(Information given Opens)

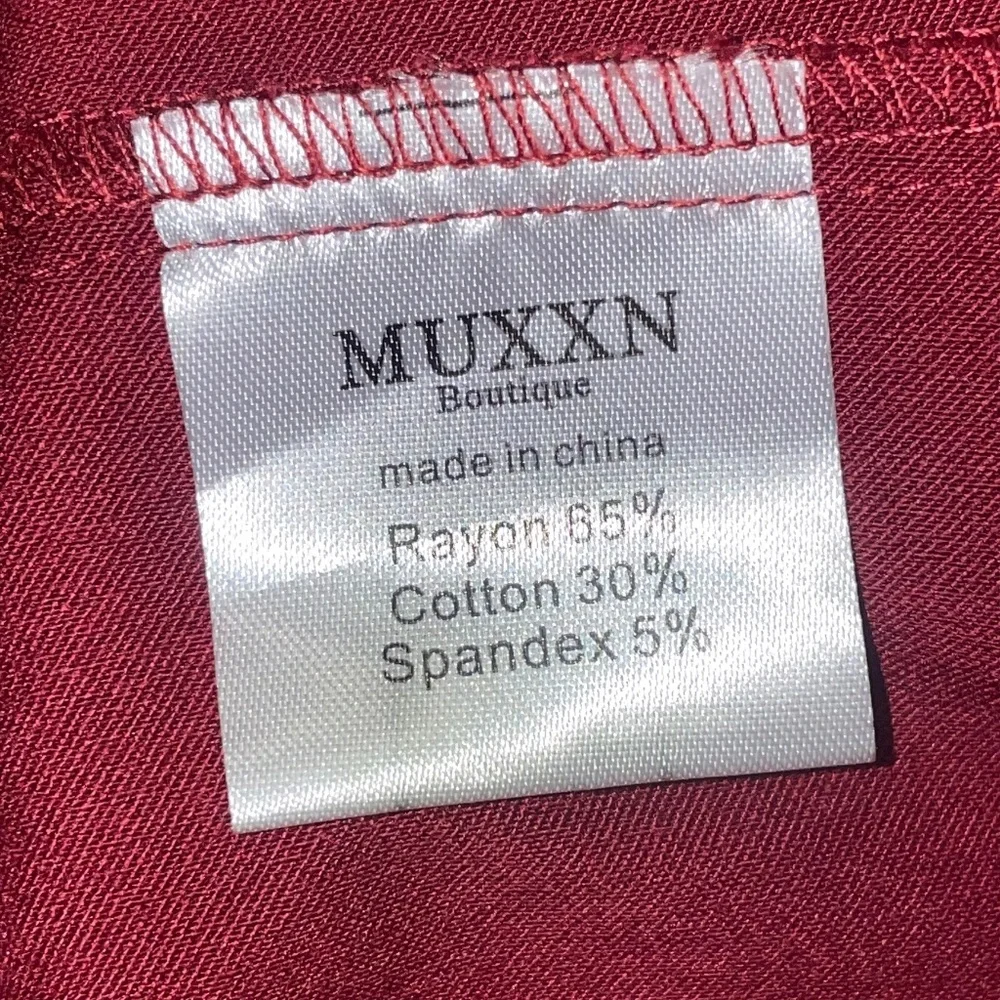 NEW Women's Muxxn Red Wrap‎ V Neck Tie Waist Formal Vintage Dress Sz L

(Information given Closes)
(Information given Opens)

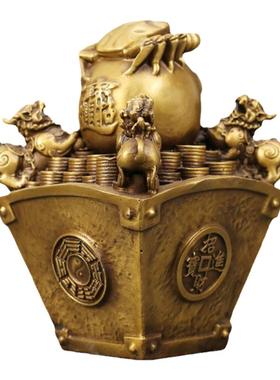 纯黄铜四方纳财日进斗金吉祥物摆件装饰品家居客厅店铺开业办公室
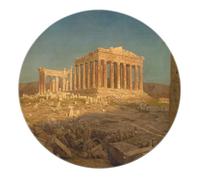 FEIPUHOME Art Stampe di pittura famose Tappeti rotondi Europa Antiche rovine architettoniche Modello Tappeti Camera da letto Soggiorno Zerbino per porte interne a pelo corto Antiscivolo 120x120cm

(Information given Closes)
(Information given Opens)

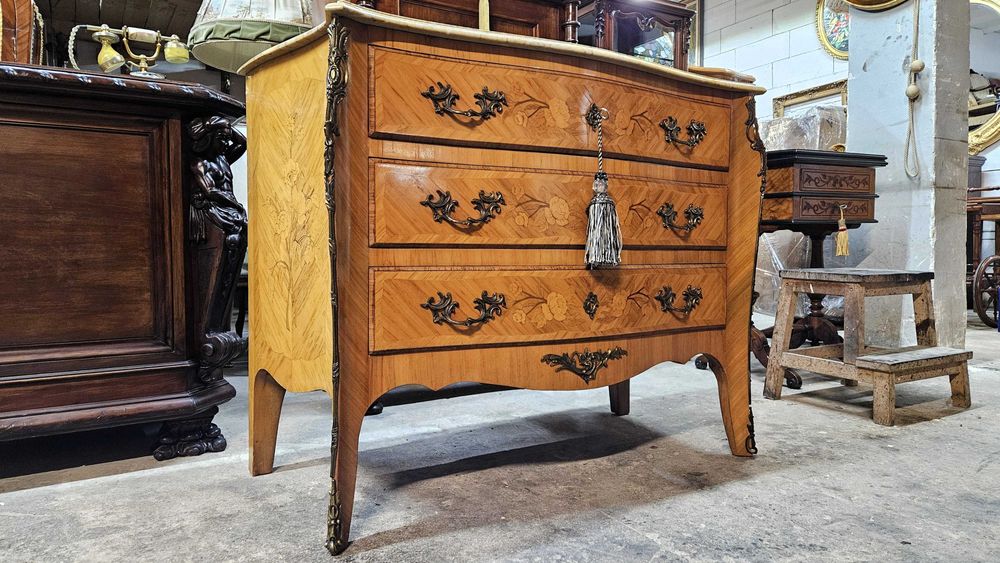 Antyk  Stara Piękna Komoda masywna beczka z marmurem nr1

(Information given Closes)

* [What is needed]
Keep to the lines above from the line with "纯黄铜四方纳财日进斗金吉祥物摆件装饰品家居客厅店铺开业办公室" to the line with "FEIPUHOME Art Stampe", and set down exactly those, inclusive, with nothing else and every picture left out.

* [Response to this exercise]
 纯黄铜四方纳财日进斗金吉祥物摆件装饰品家居客厅店铺开业办公室
 FEIPUHOME Art Stampe di pittura famose Tappeti rotondi Europa Antiche rovine architettoniche Modello Tappeti Camera da letto Soggiorno Zerbino per porte interne a pelo corto Antiscivolo 120x120cm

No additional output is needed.